Pur non essendo un inizio scoppiettante, si può dare merito all’attore scozzese
di aver reso adeguatamente il dramma di Roth. Al centro
della vicenda vi è, come prevedibile, un bucolico idillio moderno e tutto in
stile americano. Agli ampi sorrisi e alla tranquillità della campagna e della
piccola Newark (città natale di Roth), si oppongono il caos dell’America, degli
anni ’60 e del Vietnam.
Nell’incipit
del film lo spettatore, come l’ignaro scrittore Skip, viene messo al corrente,
come in una favola, della caduta del sogno americano, metaforizzata nello
sfaldamento della famiglia dell’eroico Symon Levov, “ Lo svedese”. Il film
appare godibile ed interessante, anche se nella prima parte fatica un pochino a
reggere i cambi psicologici dei personaggi.
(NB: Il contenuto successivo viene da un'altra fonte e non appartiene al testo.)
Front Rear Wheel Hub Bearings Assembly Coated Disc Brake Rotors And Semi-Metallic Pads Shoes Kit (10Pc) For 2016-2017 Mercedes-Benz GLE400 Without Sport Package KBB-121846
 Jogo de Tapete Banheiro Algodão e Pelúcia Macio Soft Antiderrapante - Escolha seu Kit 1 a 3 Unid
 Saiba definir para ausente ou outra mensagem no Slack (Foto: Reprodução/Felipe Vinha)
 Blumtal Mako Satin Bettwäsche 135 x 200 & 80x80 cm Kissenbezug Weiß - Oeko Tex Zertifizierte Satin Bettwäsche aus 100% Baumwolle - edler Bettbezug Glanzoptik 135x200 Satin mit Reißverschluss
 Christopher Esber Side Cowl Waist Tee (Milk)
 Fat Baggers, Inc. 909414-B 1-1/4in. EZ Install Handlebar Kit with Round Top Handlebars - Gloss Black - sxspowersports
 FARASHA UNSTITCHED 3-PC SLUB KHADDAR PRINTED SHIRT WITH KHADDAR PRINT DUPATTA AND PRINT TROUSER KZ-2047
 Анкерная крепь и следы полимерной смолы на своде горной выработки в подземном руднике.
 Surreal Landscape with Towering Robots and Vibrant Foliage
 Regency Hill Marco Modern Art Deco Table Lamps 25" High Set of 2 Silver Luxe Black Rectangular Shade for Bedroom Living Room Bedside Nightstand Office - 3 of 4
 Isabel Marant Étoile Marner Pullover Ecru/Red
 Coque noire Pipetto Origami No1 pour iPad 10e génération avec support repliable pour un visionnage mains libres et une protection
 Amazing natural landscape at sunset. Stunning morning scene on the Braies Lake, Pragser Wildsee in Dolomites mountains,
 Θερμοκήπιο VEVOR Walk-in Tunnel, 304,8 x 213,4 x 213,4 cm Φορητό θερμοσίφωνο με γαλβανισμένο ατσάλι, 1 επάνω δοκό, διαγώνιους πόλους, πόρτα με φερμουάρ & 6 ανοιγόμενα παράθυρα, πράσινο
Nella seconda parte, nella quale il
dramma trova l’apice, sia l’interpretazione, che i movimenti di macchina di
McGregor sono impeccabili. Lo spettatore può allora percepire tutto il dolore e
la solitudine di un uomo abbandonato dalla figlia, dalla moglie e dalle
istituzioni.
The Humbling (2014)
dir. Barry Levinson
Tratto
dall’omonimo romanzo del 2009, The Humbling è un film retto unicamente dalla
presenza e dall’interpretazione del grande Al Pacino. In un ruolo un po'
diverso dalla filmografia d’azione che ha contraddistinto l’ultima parte della
sua carriera, Pacino si cala nella storia puramente psicologica dell’attore
decadente Simon Axler. La regia di Barry Levinson pare conformarsi ai movimenti
interiori del personaggio e anche se talvolta i ritmi e la sceneggiatura sono
un po' languenti, le atmosfere rarefatte sono efficacemente comunicate.
Anche qui
viene raffigurata storia d’amore con un abbondante differenza d’età, come ne La
Macchia Umana e in Lezioni d’amore; la cinepresa di Levinson indaga però due
piani, quello mentale della follia e dell’allucinazione, e quello carnale, più
crudo. In ultima
analisi, The Humbling pare un ritratto dettagliato di una sveviana senilità.